┌──
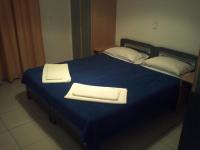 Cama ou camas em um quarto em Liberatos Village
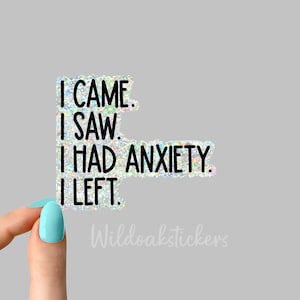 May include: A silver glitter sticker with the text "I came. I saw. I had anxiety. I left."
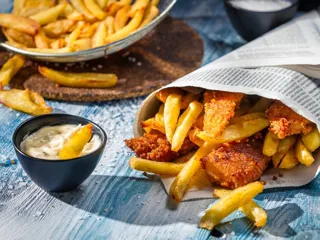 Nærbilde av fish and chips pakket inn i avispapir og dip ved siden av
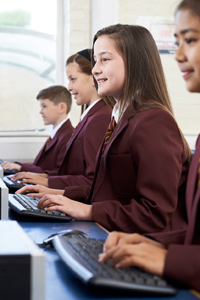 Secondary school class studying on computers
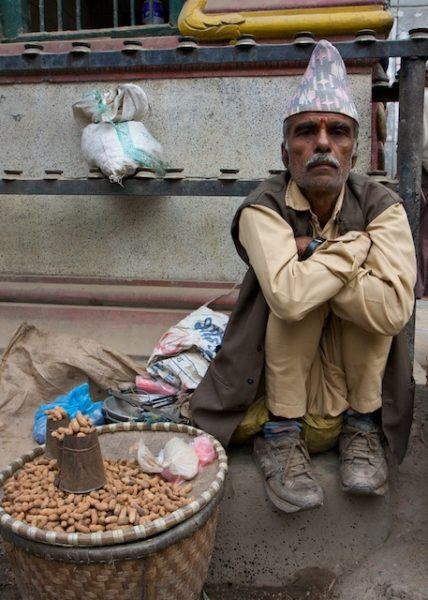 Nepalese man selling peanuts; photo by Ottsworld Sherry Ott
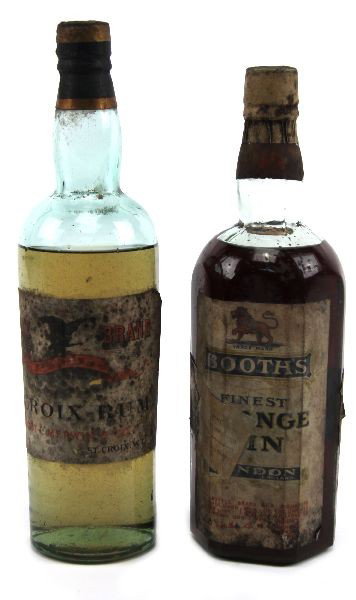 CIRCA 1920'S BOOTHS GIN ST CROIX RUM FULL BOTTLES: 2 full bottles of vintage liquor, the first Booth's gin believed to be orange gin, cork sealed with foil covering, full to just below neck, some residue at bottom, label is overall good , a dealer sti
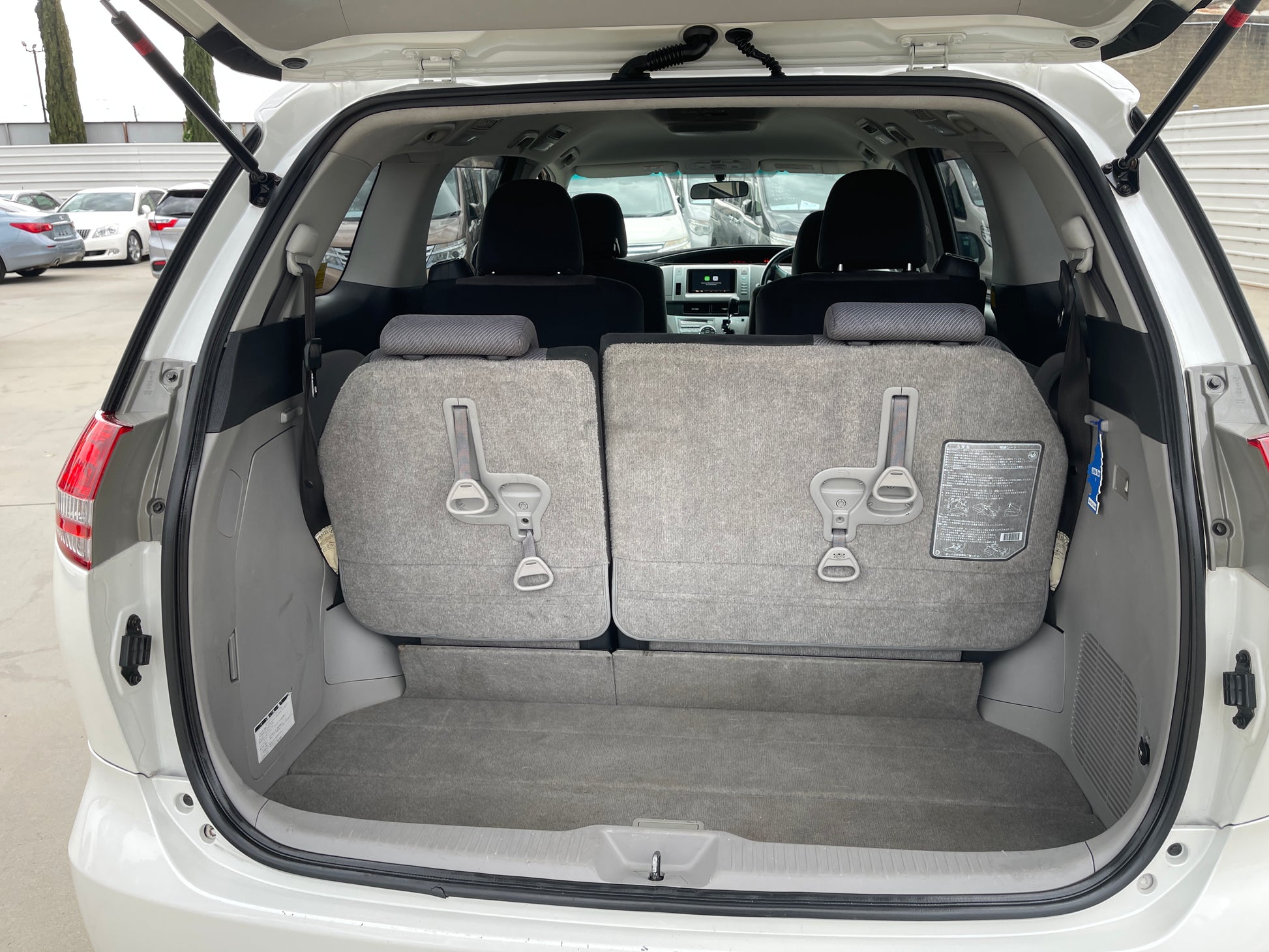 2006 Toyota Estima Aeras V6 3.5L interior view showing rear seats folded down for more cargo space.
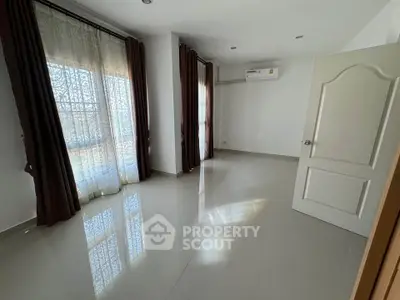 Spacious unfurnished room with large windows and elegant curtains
└──
WORK ITEM: From the line holding "2006 Toyota Estima" to the last line of the listing, please output each line exactly as it stands. Pictures stay out of the copy.

YOUR RESPONSE:
 2006 Toyota Estima Aeras V6 3.5L interior view showing rear seats folded down for more cargo space.
 Spacious unfurnished room with large windows and elegant curtains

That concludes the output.